# Task requirements
Within the records that follow, restate exactly the lines from the line with "Abstract background of" down to the line with "Collar for dogs", including both. Omit the pictures.

(Short descriptive text snippets)
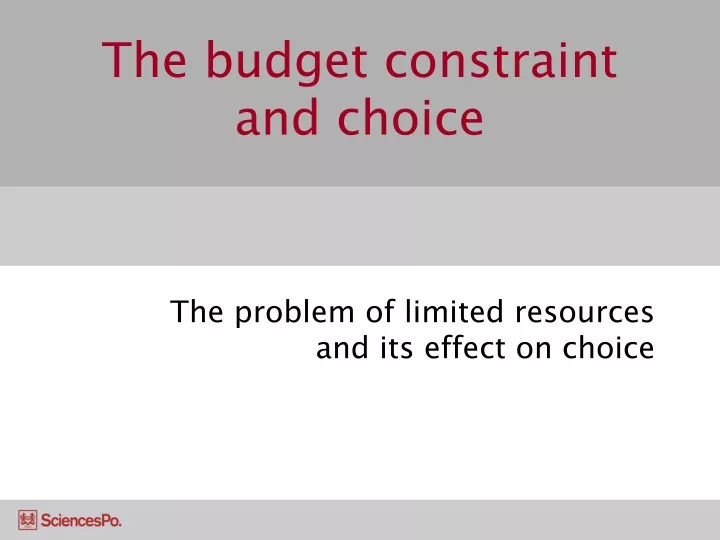 the budget constraint and choice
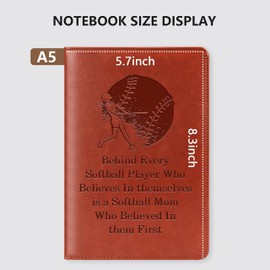 JOHSBYD Softball Gifts Leather Journal Notebook Inspirational Gifts for Women Men Softball Lovers Gifts Softball Player Gifts Softball Team Gifts for Players Fans (Softball Player)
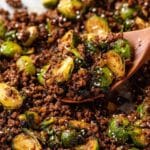Ground Beef and Brussels Sprouts Stir-Fry with Sweet Chili and Lime Recipe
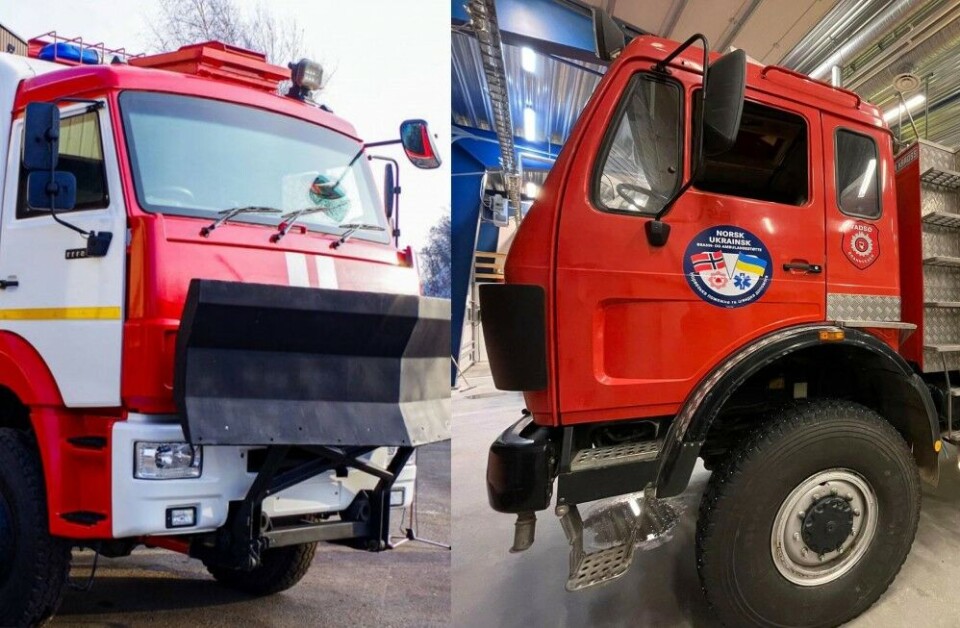 The fire truck from Murmansk (left) has armoured protection in the front. The fire truck from Vadsø is likely Europe's northernmost sent in support to Ukraine. Photo collage from Telegram / Facebook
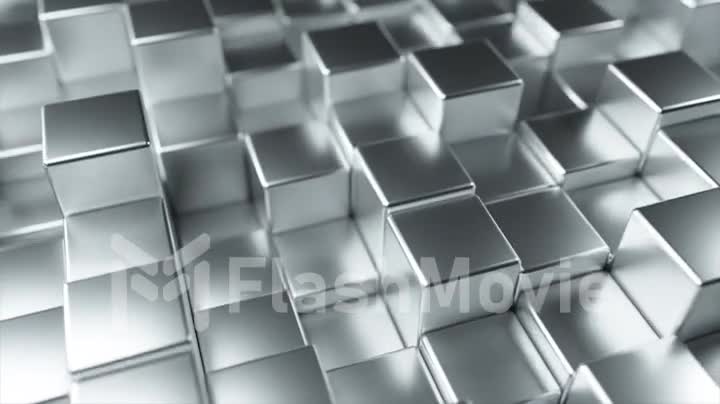 Abstract background of metal randomly moving cubes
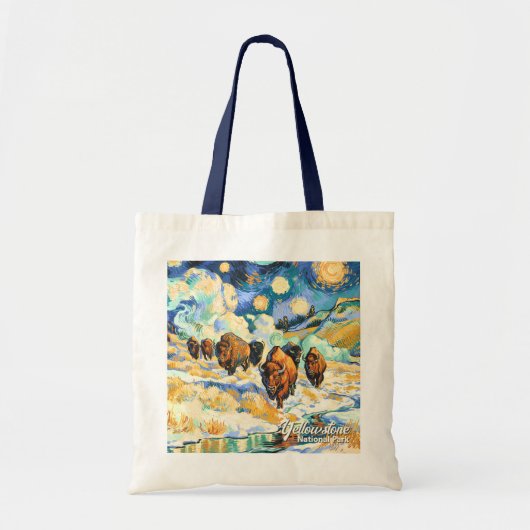 イエローストーン国立公園 ビゾン ヴィンテージ ヴァン・ゴッホ トートバッグ (正面)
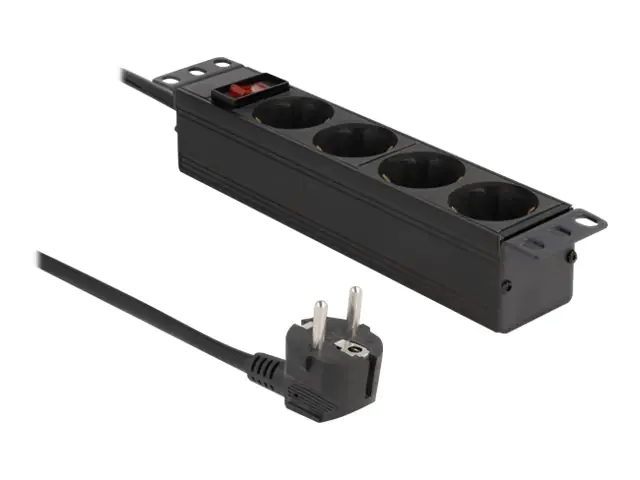 Delock Steckdosenleiste (Wandmontage) - AC 220-250 V - 3500 Watt - Eingabe, Eingang power CEE 7/7 - Ausgangsanschlüsse: 4 (4 x CEE 7/3) 66817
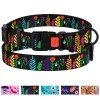 Collar for dogs BronzeDog Urban Flowers Nylon Plastic Buckle Black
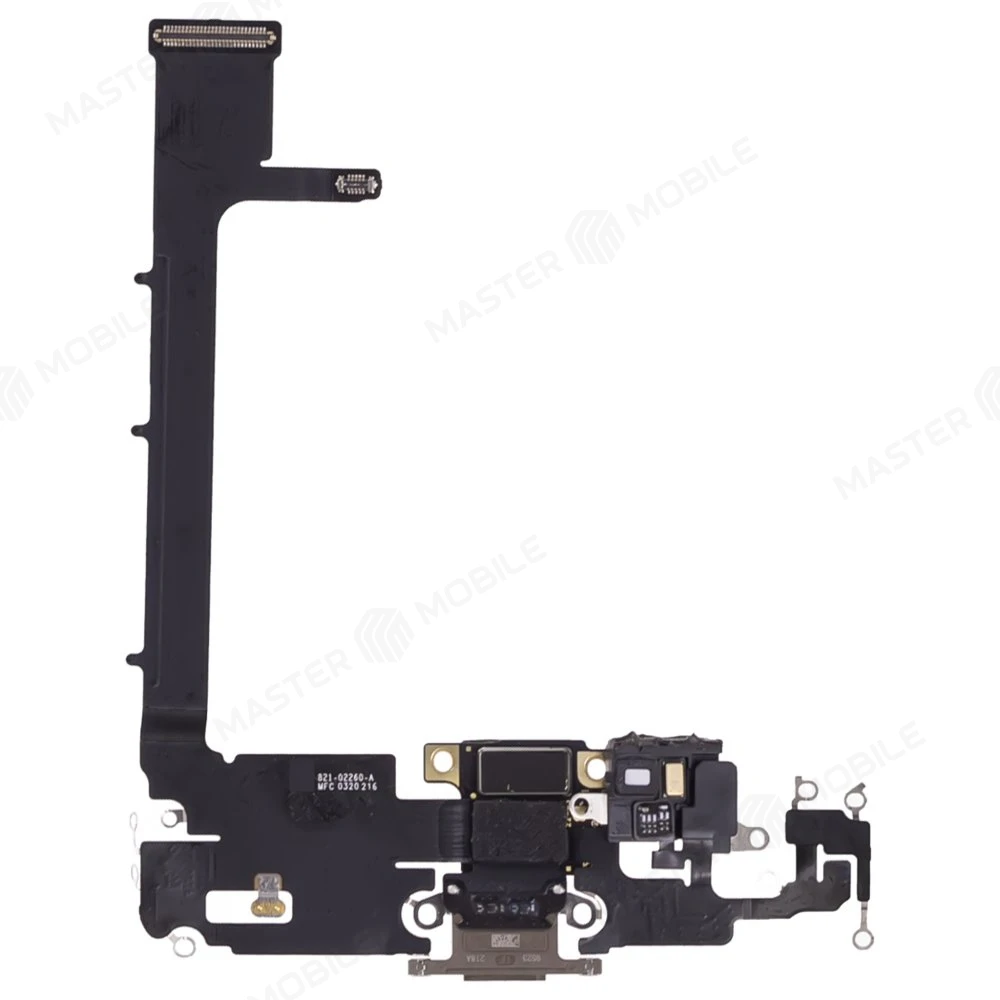 Шлейф для Apple iPhone 11 Pro Max с комп. + разъем зарядки + микрофон (золотистый) (ORIG100) фото №2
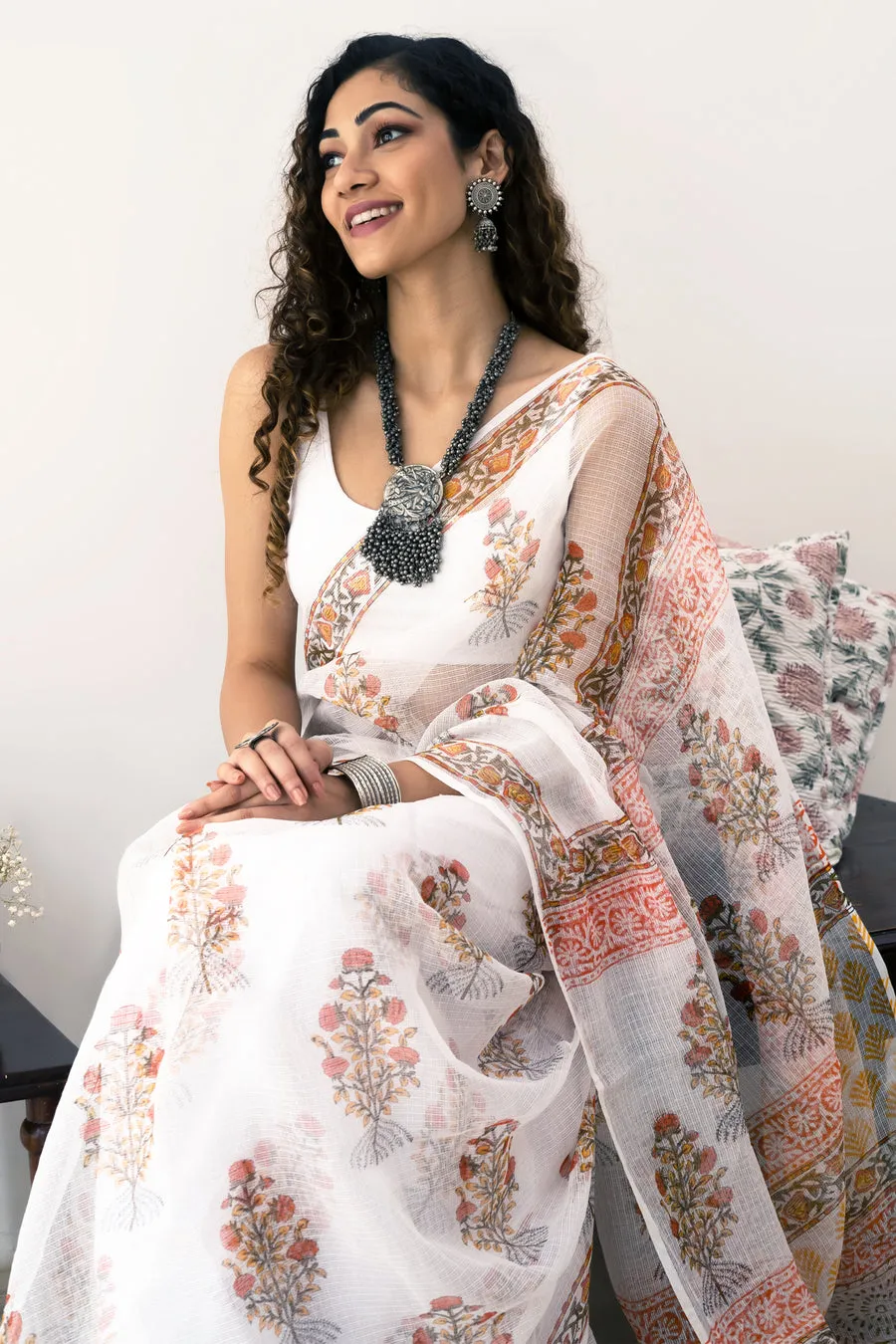 Traditional Block Design Digital Print Kota Doria Cotton Saree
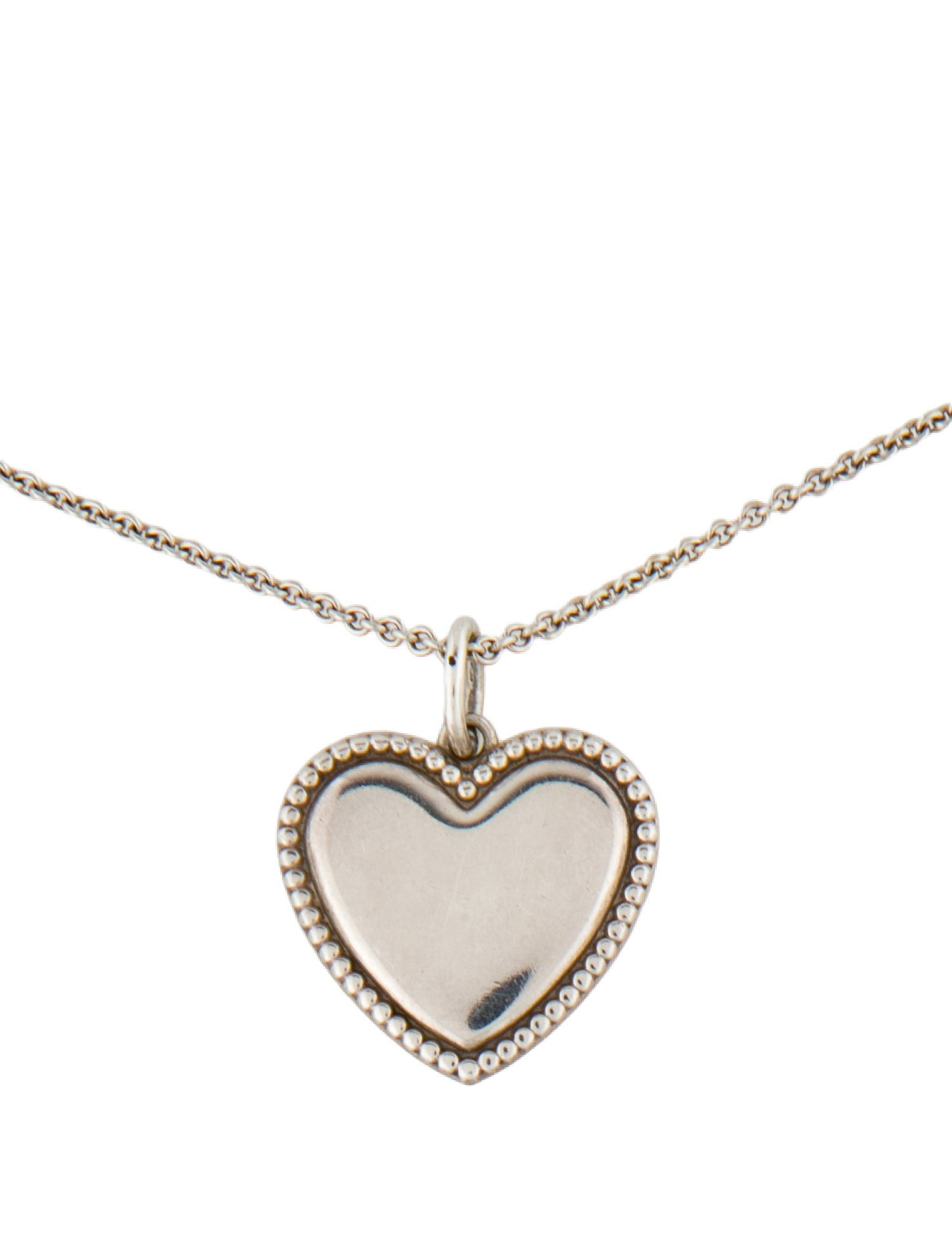 Tiffany & Co. Beaded Heart Pendant Necklace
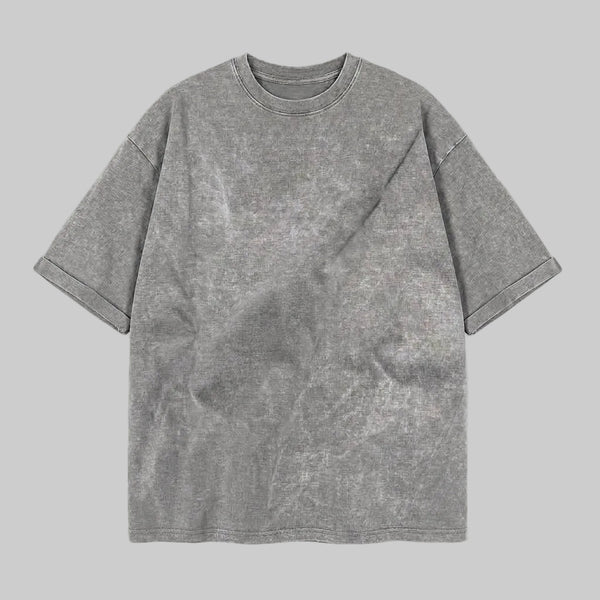 Playera Acid Wash Gris Oversize 240G — frente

# The answer
 Abstract background of metal randomly moving cubes
 イエローストーン国立公園 ビゾン ヴィンテージ ヴァン・ゴッホ トートバッグ (正面)
 Delock Steckdosenleiste (Wandmontage) - AC 220-250 V - 3500 Watt - Eingabe, Eingang power CEE 7/7 - Ausgangsanschlüsse: 4 (4 x CEE 7/3) 66817
 Collar for dogs BronzeDog Urban Flowers Nylon Plastic Buckle Black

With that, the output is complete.